As a Clojure beginner I feel like the language makes a lot of sense and is easy to grok and get going with. But sort of opposing that is the complexity that is the ecosystem. As someone with zero experience of the JVM that of course is some degree of complexity but even larger to me is understanding how things are done, what libs are actually used, how you are supposed to deploy and run your Clojure code etc. How do people approach this? I get that all languages with some history have a degree of “you just have to learn this as you go” but to me it feels like Clojure has more so than many other languages I’ve seen. I really love the language but I feel like this complexity of ecosystem makes it hard for me to see a path forward.

2021-03-12T14:13:02.343200Z

@anders152 What type of projects do you want to approch? Web development? Other?

2021-03-12T14:13:37.343700Z

Back-end / front-end?

2021-03-12T14:37:05.348400Z

@anders152 yes, agree, I learned the clojure from http://braveclojure.com but up until now, I still don't have idea how to compile & deploy the code? I'm using the code for fun right now, but I've also done it to clean some data in csv to be feed into power bi. then I'm asking to myself, if i want to run it automatically, how to do that? it's still my homework to figure out... a bit slow progress than anyone else, but I'm enjoying the process

2021-03-12T14:43:18.349400Z

@admin055 everything to be honest. But I’m fine with putting off frontend for a bit.

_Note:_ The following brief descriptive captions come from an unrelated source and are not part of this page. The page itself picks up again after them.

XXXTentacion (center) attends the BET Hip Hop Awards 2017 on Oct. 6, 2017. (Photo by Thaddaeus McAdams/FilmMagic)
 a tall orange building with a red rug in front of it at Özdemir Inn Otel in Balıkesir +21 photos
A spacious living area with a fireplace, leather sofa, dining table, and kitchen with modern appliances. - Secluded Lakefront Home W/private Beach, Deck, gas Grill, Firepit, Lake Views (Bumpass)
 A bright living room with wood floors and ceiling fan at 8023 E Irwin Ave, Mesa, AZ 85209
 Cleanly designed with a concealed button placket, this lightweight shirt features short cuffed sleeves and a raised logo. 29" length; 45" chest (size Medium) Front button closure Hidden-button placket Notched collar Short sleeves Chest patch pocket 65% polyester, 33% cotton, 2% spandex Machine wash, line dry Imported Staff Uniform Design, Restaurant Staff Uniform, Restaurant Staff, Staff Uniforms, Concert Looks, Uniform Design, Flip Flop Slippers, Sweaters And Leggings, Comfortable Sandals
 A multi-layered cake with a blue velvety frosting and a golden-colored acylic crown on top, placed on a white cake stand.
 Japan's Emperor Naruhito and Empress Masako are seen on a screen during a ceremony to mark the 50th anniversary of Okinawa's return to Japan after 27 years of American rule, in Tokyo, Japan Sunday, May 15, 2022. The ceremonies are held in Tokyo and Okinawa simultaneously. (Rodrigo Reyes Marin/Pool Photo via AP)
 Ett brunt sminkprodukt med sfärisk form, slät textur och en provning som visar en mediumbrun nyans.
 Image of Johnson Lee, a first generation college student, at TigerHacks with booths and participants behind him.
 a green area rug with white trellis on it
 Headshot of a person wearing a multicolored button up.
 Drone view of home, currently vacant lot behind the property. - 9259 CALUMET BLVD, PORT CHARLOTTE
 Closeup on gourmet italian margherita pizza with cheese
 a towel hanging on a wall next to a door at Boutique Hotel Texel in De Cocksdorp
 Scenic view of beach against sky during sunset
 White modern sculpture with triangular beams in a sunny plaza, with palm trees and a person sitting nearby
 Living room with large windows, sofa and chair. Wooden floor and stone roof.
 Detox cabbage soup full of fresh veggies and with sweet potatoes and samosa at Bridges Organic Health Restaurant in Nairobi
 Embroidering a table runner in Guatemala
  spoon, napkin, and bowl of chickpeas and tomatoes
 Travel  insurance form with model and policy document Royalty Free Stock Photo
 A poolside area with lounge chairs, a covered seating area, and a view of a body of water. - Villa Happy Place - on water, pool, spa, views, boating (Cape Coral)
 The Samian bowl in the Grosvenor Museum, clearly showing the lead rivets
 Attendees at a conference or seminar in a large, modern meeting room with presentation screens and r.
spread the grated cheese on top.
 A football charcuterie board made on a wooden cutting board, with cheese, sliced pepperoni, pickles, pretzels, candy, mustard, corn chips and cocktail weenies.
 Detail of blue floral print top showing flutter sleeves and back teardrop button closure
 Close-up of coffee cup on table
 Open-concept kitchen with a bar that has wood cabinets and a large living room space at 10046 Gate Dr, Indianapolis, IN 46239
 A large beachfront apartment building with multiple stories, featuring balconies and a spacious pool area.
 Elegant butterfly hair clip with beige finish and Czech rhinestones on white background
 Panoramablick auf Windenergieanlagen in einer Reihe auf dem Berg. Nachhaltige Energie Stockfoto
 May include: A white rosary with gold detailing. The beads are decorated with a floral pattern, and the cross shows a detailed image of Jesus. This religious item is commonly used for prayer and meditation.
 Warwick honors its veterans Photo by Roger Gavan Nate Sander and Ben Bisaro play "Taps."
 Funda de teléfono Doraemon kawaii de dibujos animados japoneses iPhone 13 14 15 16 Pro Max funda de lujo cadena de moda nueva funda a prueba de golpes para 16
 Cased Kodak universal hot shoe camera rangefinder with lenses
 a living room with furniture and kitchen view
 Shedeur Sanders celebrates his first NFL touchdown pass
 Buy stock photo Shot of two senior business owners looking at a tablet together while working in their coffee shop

2021-03-12T14:44:51.351700Z

Yeah that mirrors my journey somewhat. I’ve read a number of books and I’m trying to focus on the “real world” stuff I can find. But the truth is I have a hard time even knowing if I’m learning the way or just a way of doing stuff. Which goes for exploring libraries as well.

2021-03-12T14:45:40.353100Z

I think it’s just an effect of Clojure being 1) highly community-driven and 2) situated in the JVM ecosystem which I have no experience in.

raspasov 2021-03-12T15:13:23.353700Z

@anders152 Not to discount the issue, but isn’t that an issue with any new language/environment? For example, I was learning about Machine Learning a few months back quite actively, and just learning anything around python like setting up the environment, etc felt very foreign and complex. And in some ways it is way more complex than the JVM, because Python suffers the worst case of “works on my machine” - almost everything is related to how your environment is setup and can just break in a version upgrade of MacOS for example (which it did for me). So there’s tools/setups to mitigate that problem but you need to learn those… I spent a day or two learning those tools and my experience improved. If you have any specific question, feel free to ask. You mentioned deployment. One straightforward approach for deployment which I’ve used is: 1. make an uberjar 2. put it in a docker container 3. deploy Now each step has complexity within, but I would say that’s equivalent to any other language/ecosystem.

raspasov 2021-03-12T15:16:30.354Z

Perhaps you’re right that Clojure has less step-by-step tutorials how to do common things. Or that you need to assemble the knowledge/steps from different library README’s . For example here’s a guide I’ve used to make an uberjar out of a deps.end project: https://github.com/tonsky/uberdeps

raspasov 2021-03-12T15:18:37.354400Z

Do you have any previous experience in a language/ecosystem? I came to Clojure with zero Java/JVM experience (was writing OOP PHP before Clojure) so I can relate 🙂.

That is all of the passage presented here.